Things go wrong. That is just the nature of the world. SlipStream provides various methods for debugging problems when they arise.

In this section you’ll:

  • Find out where to find logs from the SlipStream recipes,
  • Add your own files to the deployment reports, and
  • Do interactive debugging on a live system.


Although it has not yet been mentioned, perhaps you have noticed that for each deployment there is a “Reports” section on the run page.
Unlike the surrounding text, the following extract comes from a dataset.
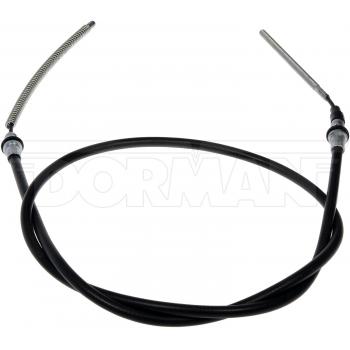 1989 GMC P3500 Parking Brake Cable Rear Right Dorman C93254 image 2 of 4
At the end of the deployment phase, all of the logs from the SlipStream recipes are collected into a tarball and sent back to the server. From there you can download them to diagnose any problems.

Report Section

In the “Reporting” recipe, you can copy any additional files that you would like bundled with the reports into the location defined by the environmental variable SLIPSTREAM_REPORT_DIR.

Interactive Debugging

When creating a new application, very often there are bugs in the deployment scripts. Iteratively modifying the scripts through SlipStream and redeploying the machines can cause unnecessary delays. If you have selected an option that lets failed deployments continue to run, you can instead:

  1. Log into a failed deployment,
  2. Setup the environment for the SlipStream client (see below),
  3. Reset the abort flag with the ss-abort --cancel command, and
  4. Update and rerun the deployment script(s)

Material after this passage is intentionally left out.